Pengoptimalan Fungsi Lingkungan Embung Melalui Evaluasi dan Pendekatan Lanskap Menggunakan Sistem Informasi Geografis (SIG)
Marina Yuliarti, Dr. Mohammad Pramono Hadi, M.Sc.; Dr. Ngadisih, S.T.P., M.Sc.
2023 | Tesis | MAGISTER ILMU LINGKUNGANPembangunan berbagai macam embung di Indonesia telah dilakukan oleh pemerintah pusat, pemerintah daerah, maupun masyarakat sendiri untuk memenuhi berbagai kebutuhan. Dalam perkembangannya banyak sekali embung yang menghadapi masalah oleh berbagai sebab, baik karena faktor alam, sosial budaya, maupun kelembagaan. Sementara evaluasi fungsi lingkungan embung setelah pembangunan jarang dilakukan. Penelitian ini bertujuan untuk mengevaluasi fungsi lingkungan embung Krapyak dan Tonogoro yang berada pada tipe bentuklahan yang berbeda, salah satunya pada puncak bukit. Secara khusus penelitian ini mencoba membandingkan kapasitas embung sebelum digunakan dengan kapasitas embung beberapa tahun kemudian. Di sisi lain, kami mencoba membandingkan volume limpasan permukaan daerah tangkapan air (DTA) terhadap kapasitas tampung embung. Pengamatan lapangan dilakukan untuk mendapatkan data batimetri dan untuk memvalidasi penggunaan lahan daerah tangkapan air embung. Data yang terkumpul dianalisis melalui metode evaluasi, Soil Conservation Service Curve Number (SCS-CN), dan menggunakan Sistem Informasi Geografis (SIG). Arahan mitigasi kekeringan dan sedimentasi embung diberikan berdasarkan pertimbangan penambahan daerah tangkapan air hujan untuk embung yang berada di puncak bukit dan pengerukan sedimen untuk embung yang berada di aliran sungai. Hasil evaluasi menunjukkan bahwa (1) ukuran embung tidak sesuai dengan potensi air yang ditampung (2) Potensi penambahan luas DTA hujan untuk meningkatkan volume air embung Tonogoro adalah 565,75 m2 (3) Laju sedimentasi embung Krapyak adalah 699,6 m3 per tahun (4) Estimasi biaya pemeliharaan embung Krapyak dengan cara pengerukan hasil sedimen per tahun adalah Rp.6.910.800,- dan (5) Bisa dimungkinkan pemeliharaan embung Krapyak dilakukan secara partisipatif kelembagaan/organisasi karena pengelolaan dilakukan secara bersama antar stakeholder. Perlu tindaklanjut terkait optimalisasi manajemen kelembagaan pengelola embung. Jadi, embung pada bentuklahan yang berbeda memiliki pendekatan berbeda untuk mengoptimalkan fungsinya.

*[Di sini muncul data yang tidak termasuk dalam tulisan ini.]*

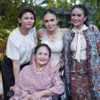 Ibu Krisdayanti Ulang Tahun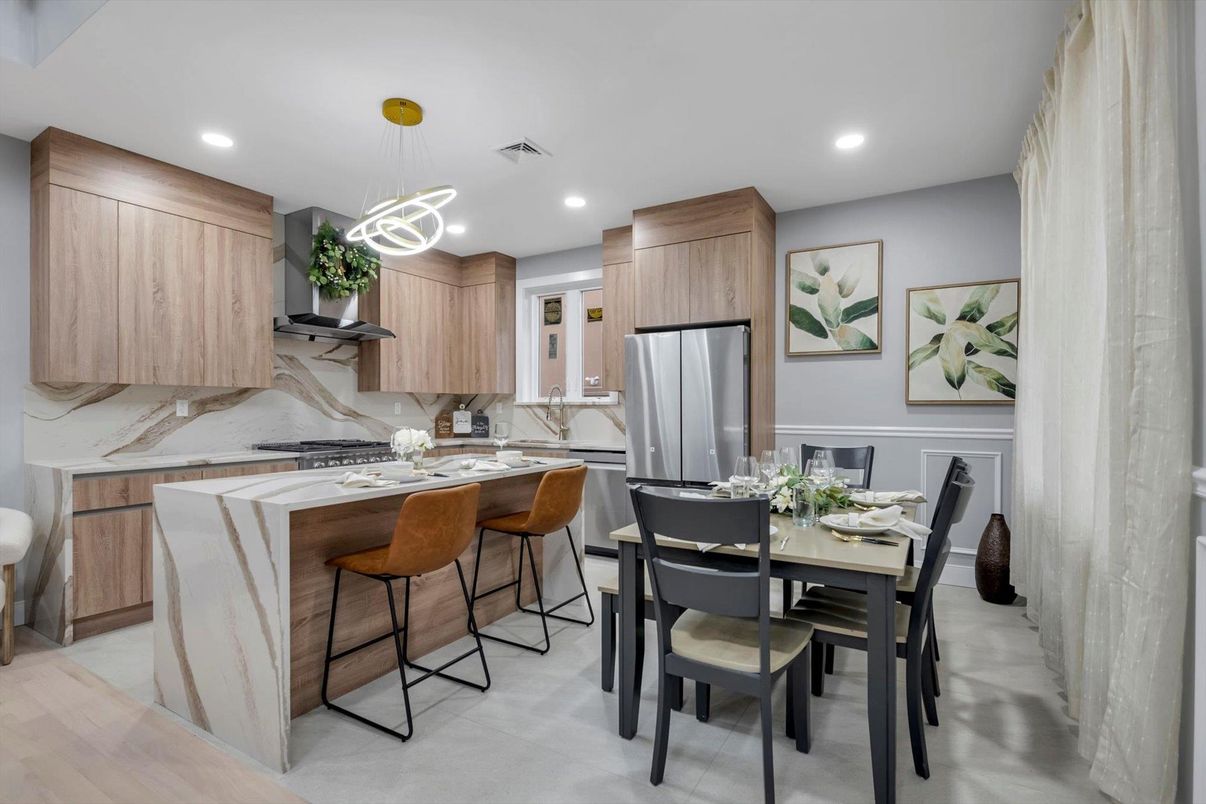 Dining room, Interior, Kitchen, Pendant Lights, Recessed Lighting, Stainless Steel Appliances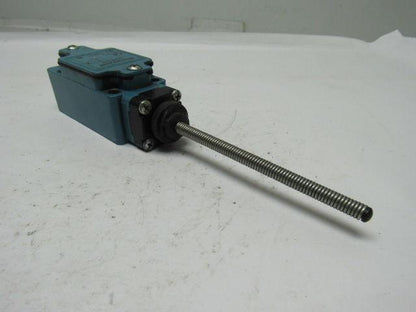 HONEYWELL GLAB01E7B Limit Switch W/ Wobble Coil Actuator Lot/2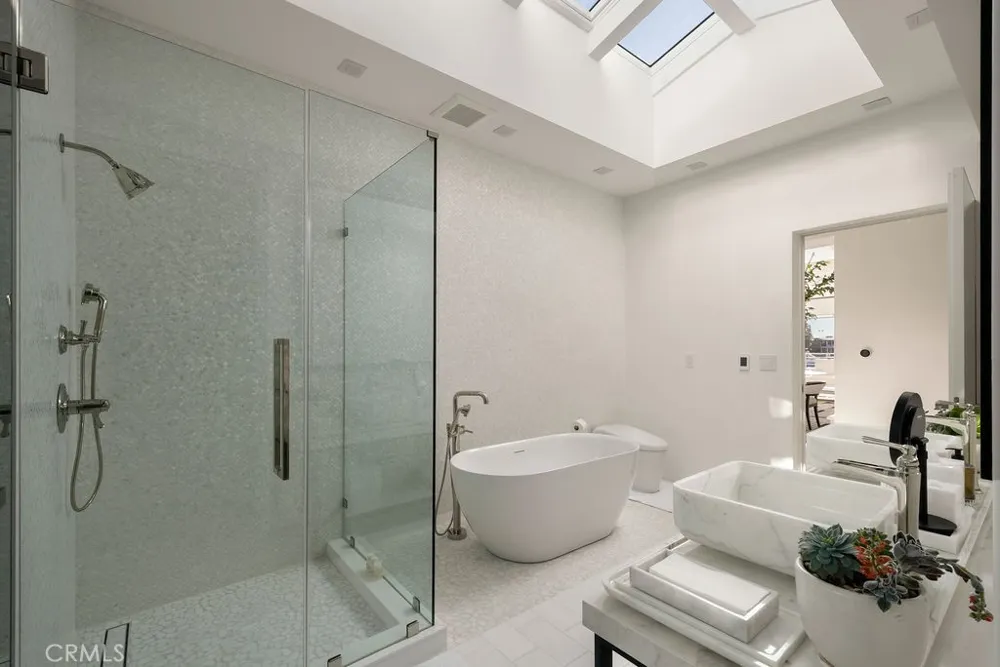 87 Linda Newport Beach, CA 92660
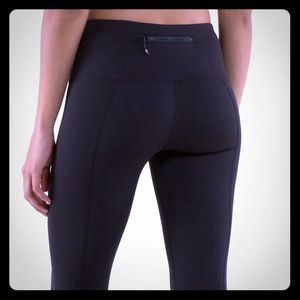 Lululemon Black Runday Crop size 8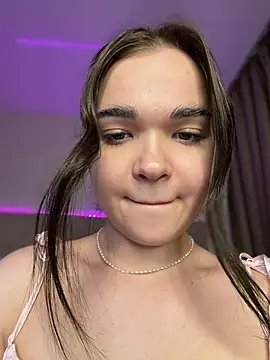 Chat XXX ao vivo de BabyShy-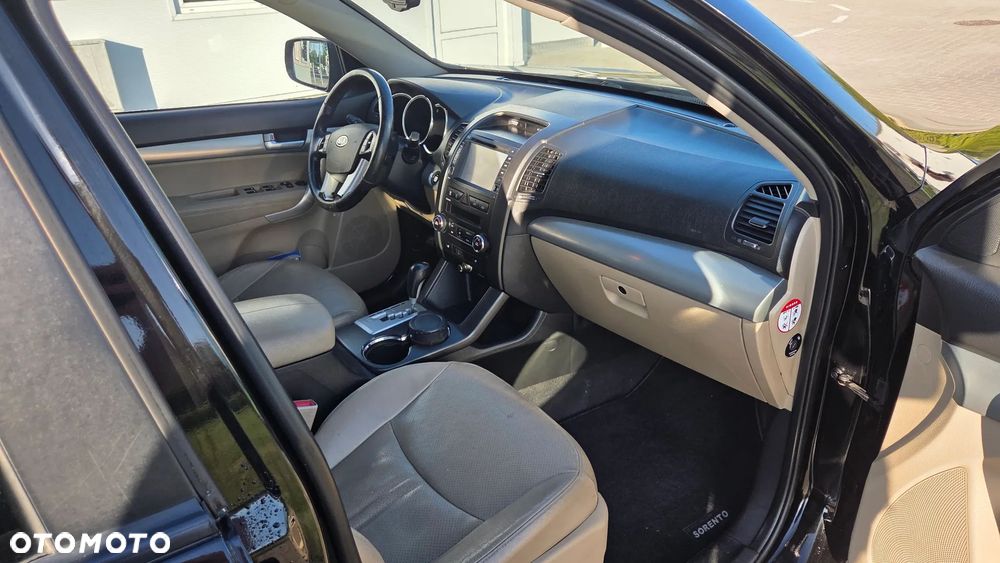 Kia Sorento - 9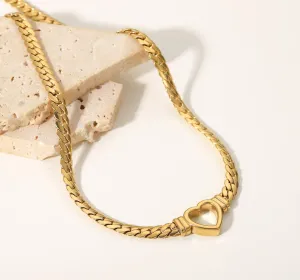 VENUS 18K GOLD PLATED HEART NECKLACE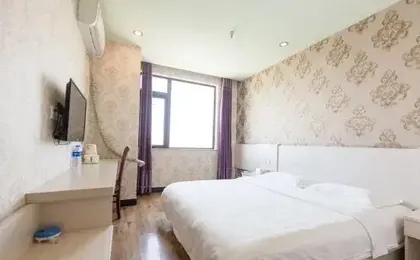 AT YOUNG HOTEL (Beijing Shahe Subway Station Beihang University)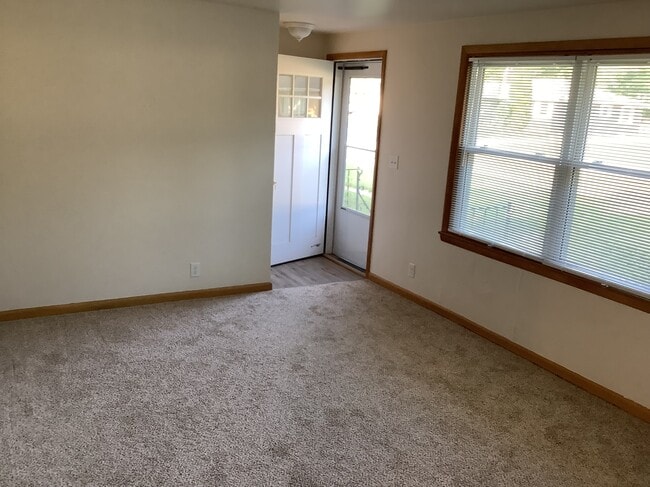 Building Photo - 835 Neufeld St Rental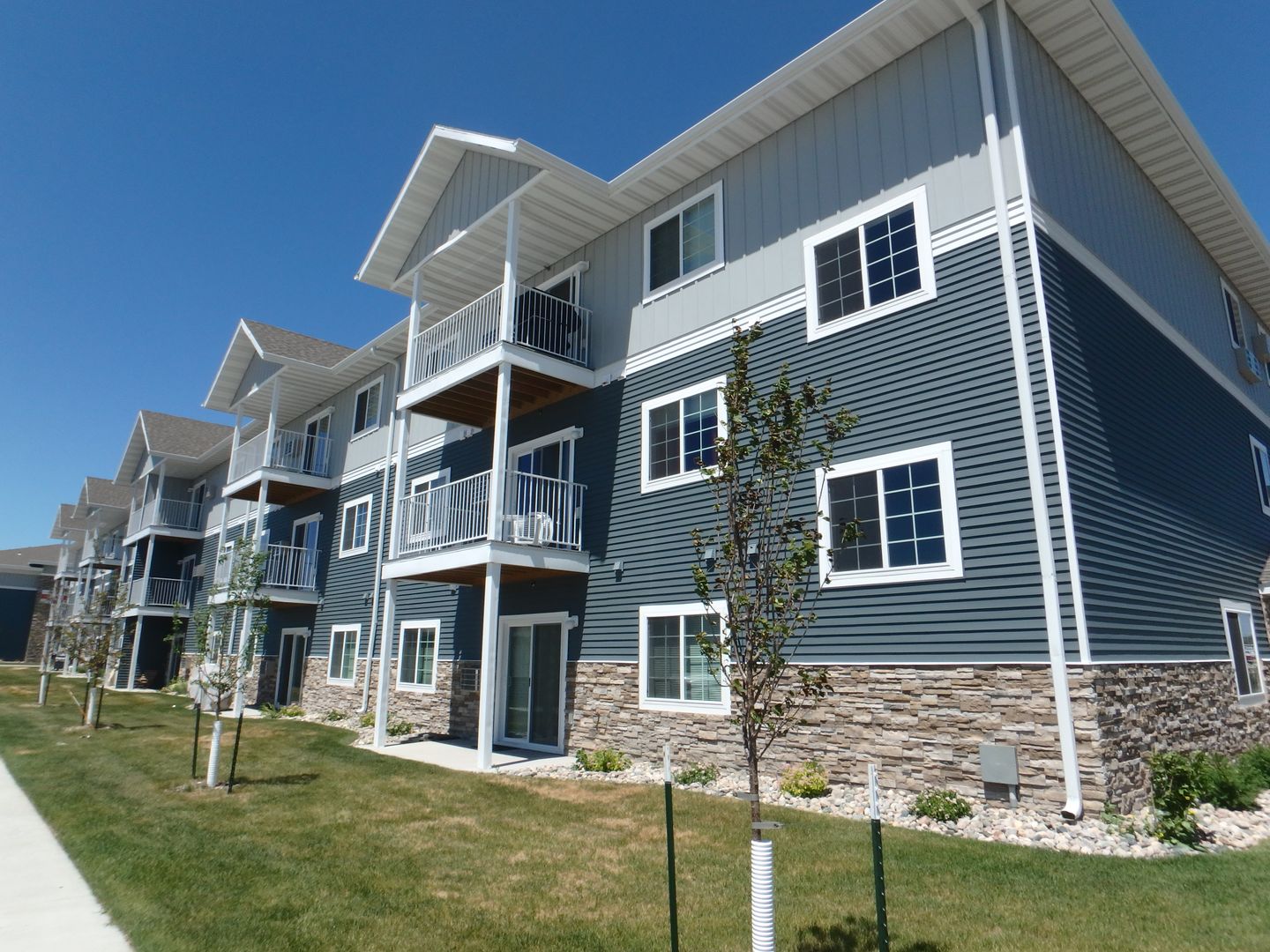 West Fargo Apartment: 627 33rd Avenue West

The development of various types of retention basin (embungs) in Indonesia has been carried out by the central government, regional governments, and the community itself to meet various needs. In its development, many retention basins have faced problems due to various reasons such as natural factors, socio-cultural, and organization. While, the evaluation of the environment function of retention basin after construction is rarely carried out. This study aimed to evaluate the environment function of the Krapyak and Tonogoro retention basins which are located on different landform types, one of them laid on the top of hill. In particular, this study tried to compare the capacity of the retention basin before it is used with the capacity of the basin a few years later. On the other hand, we tried to compare the surface runoff volume of the catchment area to the retention basin capacity. Field observations were carried out to obtain bathymetry data and to validate land use in the catchment area. The collected data were analyzed through the evaluation method, the Soil Conservation Service Curve Number (SCS-CN), and using the Geographic Information System (GIS). The word, to mitigate the drought and sedimentation of basin by adding rainwater catchment areas for basin that are on the top of the hill and dredging sediments for retention basin that are in the river flow. The evaluation results show that (1) the size of the retention basins did not match the potential of the stored water (2) The potential for additional rainwater catchment area to increase the water volume of the Tonogoro basin was 565.75 m2 (3) The sedimentation rate of the Krapyak basin was 699.6 m3 per year (4) The estimated cost of maintaining the Krapyak basin by dredging sediment products per year was Rp.6,910,800.- (5) The maintenance of the Krapyak basin must be carried out in an institutional/organizational participatory manner because management was designed jointly between stakeholders. However, follow-up is needed to optimize the institutional management of the retention basins manager. So, retention basin on different landforms have different approaches to optimizing their function.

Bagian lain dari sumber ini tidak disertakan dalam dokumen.